Task material:
+++

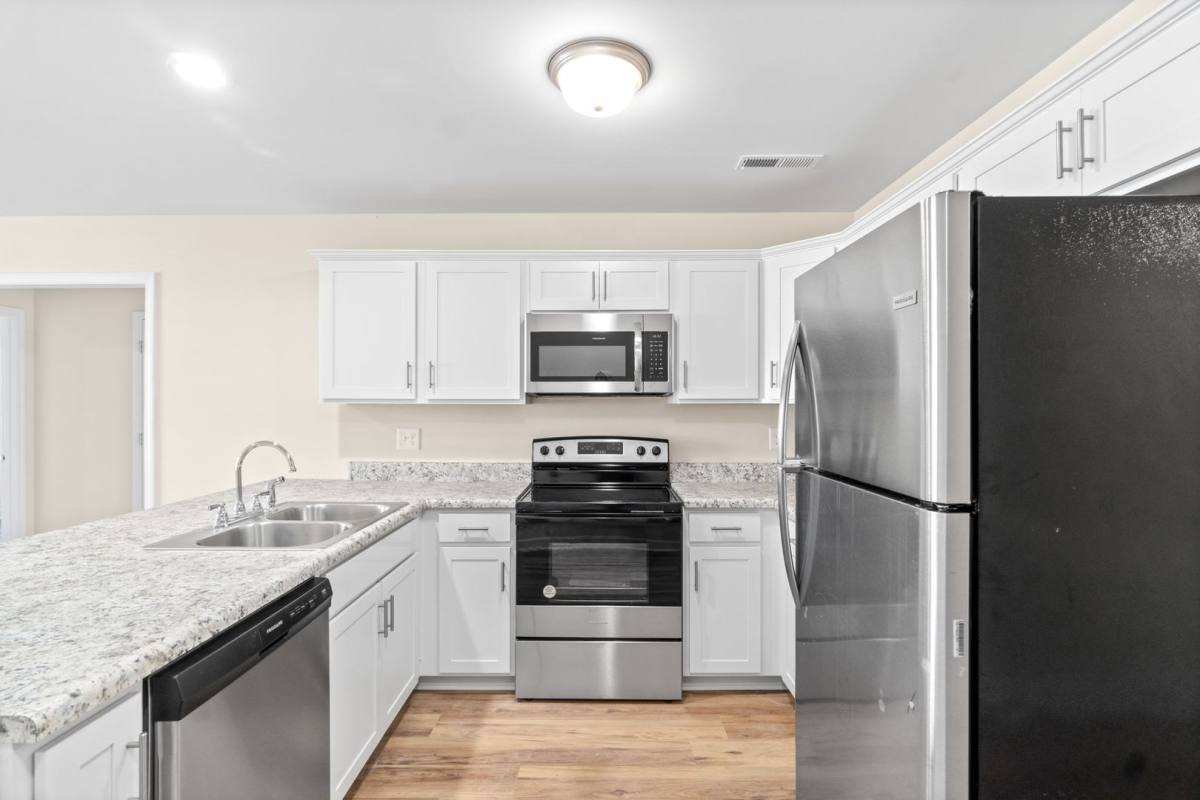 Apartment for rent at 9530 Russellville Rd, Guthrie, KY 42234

+++

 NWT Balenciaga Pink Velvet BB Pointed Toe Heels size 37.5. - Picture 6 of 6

+++

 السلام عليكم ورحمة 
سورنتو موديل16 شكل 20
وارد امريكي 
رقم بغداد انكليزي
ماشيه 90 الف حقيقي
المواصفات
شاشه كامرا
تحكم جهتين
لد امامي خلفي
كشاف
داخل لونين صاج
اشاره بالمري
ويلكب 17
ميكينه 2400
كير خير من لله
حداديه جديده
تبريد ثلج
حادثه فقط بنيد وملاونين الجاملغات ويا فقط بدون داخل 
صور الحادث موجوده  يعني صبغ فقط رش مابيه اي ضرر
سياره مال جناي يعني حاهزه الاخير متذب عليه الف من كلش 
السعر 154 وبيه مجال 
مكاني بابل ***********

+++

The response must hold only the lines above from the line with "سياره مال جناي" through the line with "مكاني بابل ***********", each copied exactly, both ends kept.

سياره مال جناي يعني حاهزه الاخير متذب عليه الف من كلش 
السعر 154 وبيه مجال 
مكاني بابل ***********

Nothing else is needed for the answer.